Peter S. wrote:
Paul L. wrote:
Yes, unless he is matching whole words, he is stuck with regexes. There
is very likely to be a refactoring for this problem, and it would have to
start with a clear statement of the problem to be solved.
Sorry, my fault.
The problem is to match a whole bunch (>70000) of words (later regexps)
on a string.
You are not being very clear. Do you mean to match entire words, letter
for
letter, beginning to end, at least some of the time? If so, for those
cases, you can use a hash table that is preloaded with the words as
keys.
That will be fast.
For the regexps, which one hopes are in the minority, the speed will of
course go down.
But separate the two classes of tests – match whole words using a hash
for
speed.
The actual implementation is to concat the word with | and create a big
regexp. word1|word2|word3|word4 …
Yes, but you are moving ahead to implementation before stating the
problem
to be solved.
This went well until I tested with some 100 words. Now I have the ‘big
regexp problem’ problem. The solution has to work with regexps as words
as well like: word1(the|a|an)word11|regexp2|…
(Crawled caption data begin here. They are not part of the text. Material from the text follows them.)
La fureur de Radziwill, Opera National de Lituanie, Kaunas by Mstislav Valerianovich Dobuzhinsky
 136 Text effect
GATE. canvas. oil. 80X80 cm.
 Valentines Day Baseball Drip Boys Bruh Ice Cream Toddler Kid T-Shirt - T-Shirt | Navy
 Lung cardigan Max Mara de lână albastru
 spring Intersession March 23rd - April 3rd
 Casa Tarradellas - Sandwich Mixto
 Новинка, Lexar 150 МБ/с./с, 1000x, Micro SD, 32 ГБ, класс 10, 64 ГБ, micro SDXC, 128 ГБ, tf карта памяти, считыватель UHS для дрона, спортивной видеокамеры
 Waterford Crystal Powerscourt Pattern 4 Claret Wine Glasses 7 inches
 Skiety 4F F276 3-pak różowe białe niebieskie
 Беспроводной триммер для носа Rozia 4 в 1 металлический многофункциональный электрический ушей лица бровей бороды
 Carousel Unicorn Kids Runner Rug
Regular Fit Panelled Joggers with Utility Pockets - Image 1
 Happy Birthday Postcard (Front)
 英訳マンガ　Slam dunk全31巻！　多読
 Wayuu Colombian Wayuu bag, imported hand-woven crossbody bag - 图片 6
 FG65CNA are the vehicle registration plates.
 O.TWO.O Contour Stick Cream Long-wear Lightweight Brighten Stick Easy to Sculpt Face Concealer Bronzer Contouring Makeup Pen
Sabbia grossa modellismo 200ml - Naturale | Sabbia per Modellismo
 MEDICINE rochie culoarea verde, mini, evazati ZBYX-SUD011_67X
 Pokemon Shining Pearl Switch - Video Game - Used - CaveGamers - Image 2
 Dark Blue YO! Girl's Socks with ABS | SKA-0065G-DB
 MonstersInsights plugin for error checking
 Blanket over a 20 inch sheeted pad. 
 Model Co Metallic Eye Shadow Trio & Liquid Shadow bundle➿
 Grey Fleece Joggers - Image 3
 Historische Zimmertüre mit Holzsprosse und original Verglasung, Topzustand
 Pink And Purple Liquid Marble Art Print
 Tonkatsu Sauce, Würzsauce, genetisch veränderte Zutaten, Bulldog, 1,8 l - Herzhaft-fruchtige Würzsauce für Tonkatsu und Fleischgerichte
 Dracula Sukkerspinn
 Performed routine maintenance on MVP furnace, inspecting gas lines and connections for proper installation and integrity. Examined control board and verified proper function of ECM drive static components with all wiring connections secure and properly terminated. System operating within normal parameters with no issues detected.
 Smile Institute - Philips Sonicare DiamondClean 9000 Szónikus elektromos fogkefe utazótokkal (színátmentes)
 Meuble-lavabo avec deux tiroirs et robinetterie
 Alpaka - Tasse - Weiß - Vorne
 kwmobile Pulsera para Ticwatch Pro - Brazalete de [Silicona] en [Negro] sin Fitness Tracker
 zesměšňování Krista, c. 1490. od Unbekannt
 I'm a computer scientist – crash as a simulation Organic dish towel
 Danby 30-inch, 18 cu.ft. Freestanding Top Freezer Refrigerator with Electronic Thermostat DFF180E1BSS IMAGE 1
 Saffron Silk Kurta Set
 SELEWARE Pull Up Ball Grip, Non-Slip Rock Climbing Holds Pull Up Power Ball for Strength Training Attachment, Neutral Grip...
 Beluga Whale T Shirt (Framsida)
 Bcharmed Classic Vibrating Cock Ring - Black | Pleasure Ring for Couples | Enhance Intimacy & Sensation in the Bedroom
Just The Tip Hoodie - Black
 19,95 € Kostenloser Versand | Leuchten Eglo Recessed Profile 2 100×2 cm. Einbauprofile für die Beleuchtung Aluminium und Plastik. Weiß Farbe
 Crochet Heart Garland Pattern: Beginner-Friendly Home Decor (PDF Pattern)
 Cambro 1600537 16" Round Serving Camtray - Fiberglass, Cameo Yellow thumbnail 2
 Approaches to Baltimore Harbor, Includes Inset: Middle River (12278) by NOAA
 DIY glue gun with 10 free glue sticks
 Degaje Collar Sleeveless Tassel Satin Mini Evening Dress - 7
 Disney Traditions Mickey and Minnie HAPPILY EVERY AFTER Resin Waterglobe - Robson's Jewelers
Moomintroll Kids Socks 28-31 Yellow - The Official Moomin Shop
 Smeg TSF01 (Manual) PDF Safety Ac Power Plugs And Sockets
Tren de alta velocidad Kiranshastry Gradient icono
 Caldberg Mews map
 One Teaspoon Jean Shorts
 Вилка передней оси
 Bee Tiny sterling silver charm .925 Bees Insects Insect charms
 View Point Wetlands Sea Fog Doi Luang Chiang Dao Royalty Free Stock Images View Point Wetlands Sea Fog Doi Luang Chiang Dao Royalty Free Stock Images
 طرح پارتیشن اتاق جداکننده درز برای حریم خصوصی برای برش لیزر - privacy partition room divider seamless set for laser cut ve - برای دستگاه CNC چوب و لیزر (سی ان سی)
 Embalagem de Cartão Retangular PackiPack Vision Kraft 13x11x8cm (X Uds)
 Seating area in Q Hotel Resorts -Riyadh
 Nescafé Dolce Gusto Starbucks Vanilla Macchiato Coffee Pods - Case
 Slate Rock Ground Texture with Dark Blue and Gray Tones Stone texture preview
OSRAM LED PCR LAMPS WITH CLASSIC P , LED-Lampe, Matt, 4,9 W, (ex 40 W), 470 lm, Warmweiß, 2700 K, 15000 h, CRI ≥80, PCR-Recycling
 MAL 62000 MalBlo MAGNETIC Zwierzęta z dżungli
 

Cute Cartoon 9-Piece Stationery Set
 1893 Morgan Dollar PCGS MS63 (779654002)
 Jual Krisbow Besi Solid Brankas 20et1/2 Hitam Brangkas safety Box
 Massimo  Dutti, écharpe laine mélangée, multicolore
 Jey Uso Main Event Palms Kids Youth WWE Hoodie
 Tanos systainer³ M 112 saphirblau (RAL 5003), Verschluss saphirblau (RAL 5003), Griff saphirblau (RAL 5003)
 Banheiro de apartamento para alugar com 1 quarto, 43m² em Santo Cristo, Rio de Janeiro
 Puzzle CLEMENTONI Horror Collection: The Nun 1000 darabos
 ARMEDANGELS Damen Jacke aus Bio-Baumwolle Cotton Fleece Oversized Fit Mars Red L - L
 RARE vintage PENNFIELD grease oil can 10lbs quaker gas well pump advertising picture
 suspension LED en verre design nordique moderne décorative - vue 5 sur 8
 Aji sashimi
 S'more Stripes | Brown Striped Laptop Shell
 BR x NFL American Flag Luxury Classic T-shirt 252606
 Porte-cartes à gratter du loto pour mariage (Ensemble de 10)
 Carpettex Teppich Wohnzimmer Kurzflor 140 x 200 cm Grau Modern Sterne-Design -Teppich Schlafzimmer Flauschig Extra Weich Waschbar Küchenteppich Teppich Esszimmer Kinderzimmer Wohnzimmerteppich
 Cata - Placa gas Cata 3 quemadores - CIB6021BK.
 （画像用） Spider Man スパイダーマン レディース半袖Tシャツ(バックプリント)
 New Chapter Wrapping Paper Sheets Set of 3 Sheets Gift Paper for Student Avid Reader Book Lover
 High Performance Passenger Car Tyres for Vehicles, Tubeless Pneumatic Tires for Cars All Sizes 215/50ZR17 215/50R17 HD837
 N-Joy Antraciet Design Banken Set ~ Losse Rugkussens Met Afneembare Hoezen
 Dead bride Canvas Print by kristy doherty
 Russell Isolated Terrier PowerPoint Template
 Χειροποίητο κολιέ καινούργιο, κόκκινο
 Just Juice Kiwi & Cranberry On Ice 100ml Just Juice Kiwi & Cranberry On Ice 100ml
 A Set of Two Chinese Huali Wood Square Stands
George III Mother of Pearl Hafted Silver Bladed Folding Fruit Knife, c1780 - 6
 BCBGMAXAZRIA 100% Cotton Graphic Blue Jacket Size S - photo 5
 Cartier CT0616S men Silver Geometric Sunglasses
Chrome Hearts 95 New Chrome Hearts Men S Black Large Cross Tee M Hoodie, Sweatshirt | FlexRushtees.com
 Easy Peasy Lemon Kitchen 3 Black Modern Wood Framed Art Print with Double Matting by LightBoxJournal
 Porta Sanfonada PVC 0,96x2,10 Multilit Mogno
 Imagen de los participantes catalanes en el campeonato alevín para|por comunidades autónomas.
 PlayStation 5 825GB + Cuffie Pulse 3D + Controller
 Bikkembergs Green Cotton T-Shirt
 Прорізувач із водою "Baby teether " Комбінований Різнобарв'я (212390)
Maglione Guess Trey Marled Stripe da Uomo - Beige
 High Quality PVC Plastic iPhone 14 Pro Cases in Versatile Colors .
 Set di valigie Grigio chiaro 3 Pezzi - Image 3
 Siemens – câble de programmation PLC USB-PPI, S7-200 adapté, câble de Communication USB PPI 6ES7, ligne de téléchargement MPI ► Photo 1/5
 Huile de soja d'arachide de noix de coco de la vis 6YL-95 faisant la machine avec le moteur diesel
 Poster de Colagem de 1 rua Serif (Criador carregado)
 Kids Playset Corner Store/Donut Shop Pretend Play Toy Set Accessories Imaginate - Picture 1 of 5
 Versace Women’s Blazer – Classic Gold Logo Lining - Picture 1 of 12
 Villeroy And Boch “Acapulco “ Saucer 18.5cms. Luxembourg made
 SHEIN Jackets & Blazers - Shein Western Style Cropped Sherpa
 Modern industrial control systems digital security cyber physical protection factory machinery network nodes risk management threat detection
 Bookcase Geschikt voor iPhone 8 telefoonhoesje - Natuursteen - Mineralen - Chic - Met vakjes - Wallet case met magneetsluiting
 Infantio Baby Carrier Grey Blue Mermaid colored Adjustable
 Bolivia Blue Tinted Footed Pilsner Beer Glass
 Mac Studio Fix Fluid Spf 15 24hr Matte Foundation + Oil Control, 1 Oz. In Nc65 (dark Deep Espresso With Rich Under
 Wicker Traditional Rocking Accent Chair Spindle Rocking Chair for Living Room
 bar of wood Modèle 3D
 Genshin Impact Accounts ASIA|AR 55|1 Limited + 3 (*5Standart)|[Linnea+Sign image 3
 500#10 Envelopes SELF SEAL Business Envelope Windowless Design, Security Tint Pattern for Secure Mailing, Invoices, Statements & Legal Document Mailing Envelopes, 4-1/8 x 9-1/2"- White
Also precompile the regexes before use. You probably already know this,
but
I thought I would mention it anyway.
Another option is C++, which has a readily available regexp library. The
way
I would go about this is to design the entire thing in Ruby, then, if
the
speed was not acceptable, recreate it in C++. This gives you the
advantage
of speedy development in Ruby, followed by speedy execution.
If this is a full-on language analysis problem, you really should be
using
Prolog or Lisp anyway. If the problem really is as complex as you are
hinting at, you may not be using the right language, or even class of
language.